Daily Host Crash after Upgrade to PVE 8.1.4

TanDE · Feb 21, 2024

Hello everyone,

there are some other reports in the forum, but I don't know if they are directly related. We have started to upgrade our 10 Node cluster to PVE 8.1. Currently there are 2 nodes on 8.1, a SuperMicro and a DELL PowerEdge R740xd. The DELL system crahshed once a day, we then receive the FENCING message by e-mail. There is no reason for this in the logs! Shortly before the server reboots, there are no signs in the log. The time is also always different (10:47 / 10:56 / 04:26).

PVE 7 Nodes: Version 7.4.16
PVE 8 Nodes: Version 8.1.4
CEPH 17.2.5 / 17.2.6
Kernel Version on PVE8 Nodes: Linux 6.5.11-8-pve (2024-01-30T12:27Z)

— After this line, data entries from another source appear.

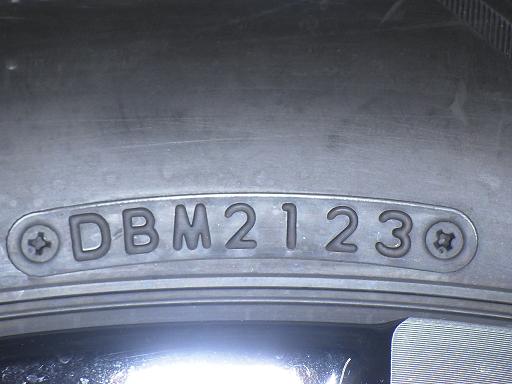 564372001　　クリックすると、もっと大きい画像を表示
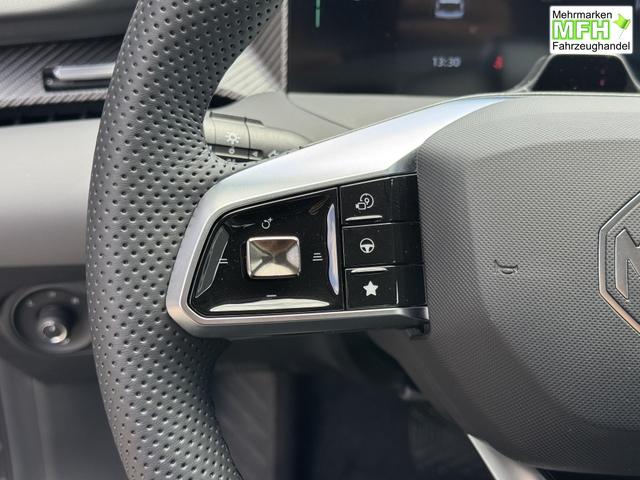 EU-Neuwagen MG4 EV 64kWh Premium kaiufen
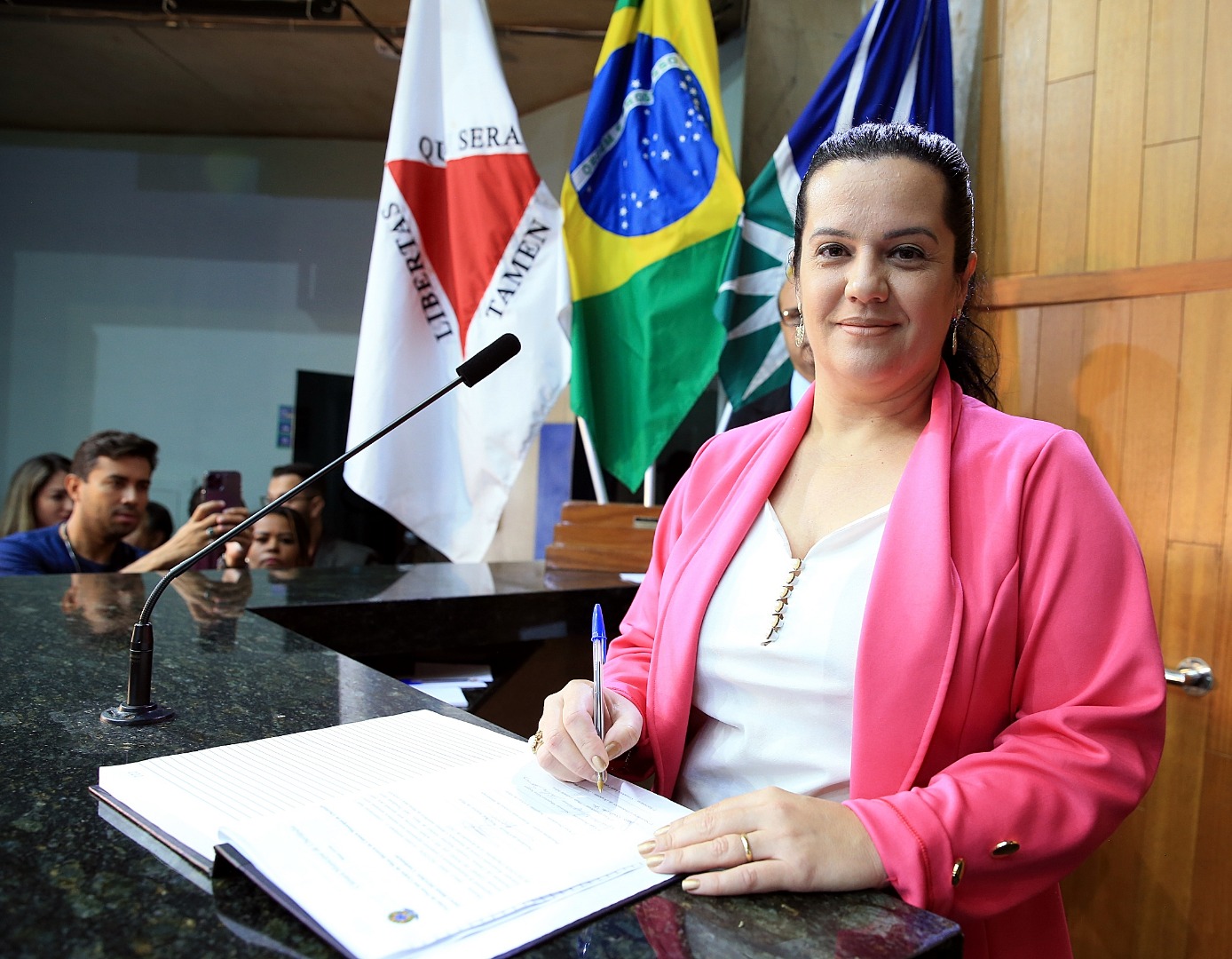 foto Aline Rezende 0025.JPG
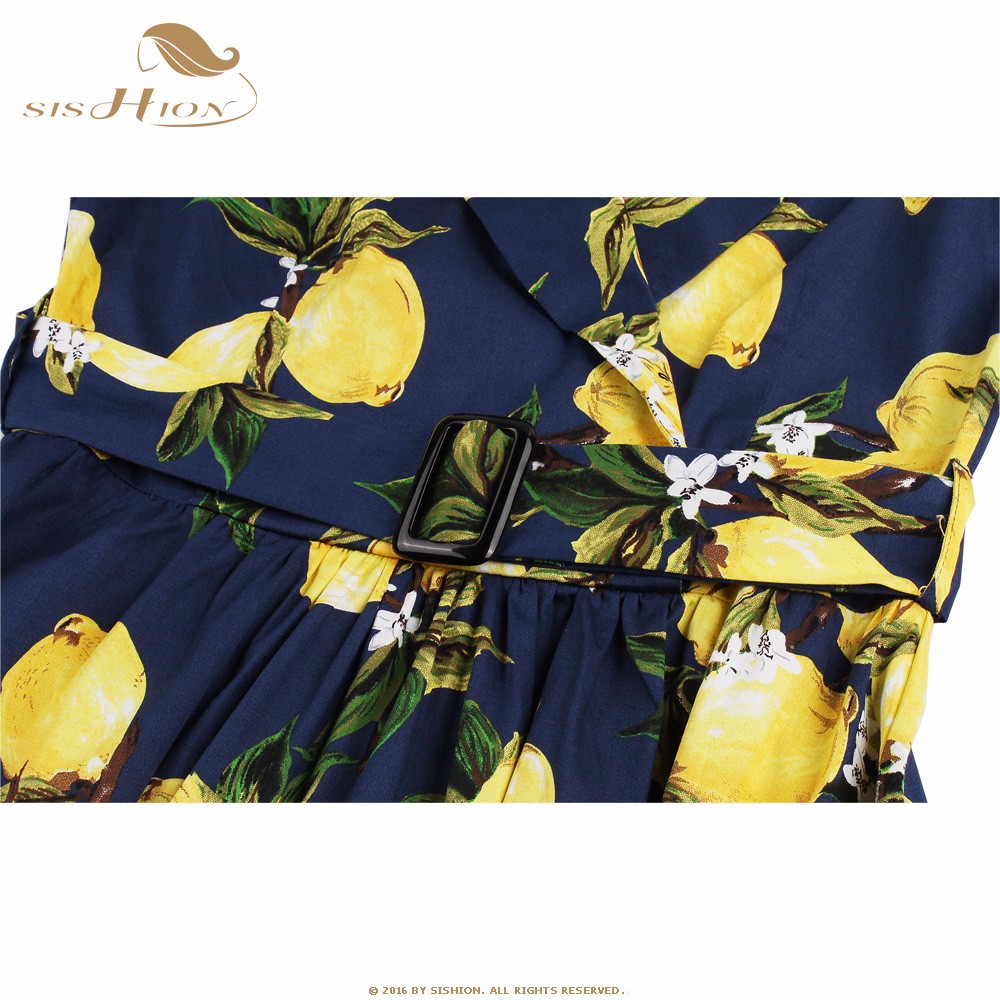 VD0398 1000X1000 D DARK BLUE 3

Before the upgrade to Version 8, there were no problems in this direction.
Does anyone have similar problems and/or an idea how to troubleshoot?

Best regards
Tan

aaron · Feb 21, 2024

Have you tried to update the BIOS and firmware on the Dell system and its NICs? With the newer kernel, there might be some issues if the firmware is too old. Definitely worth a try.

TanDE · Feb 21, 2024

aaron said:
Have you tried to update the BIOS and firmware on the Dell system and its NICs? With the newer kernel, there might be some issues if the firmware is too old. Definitely worth a try.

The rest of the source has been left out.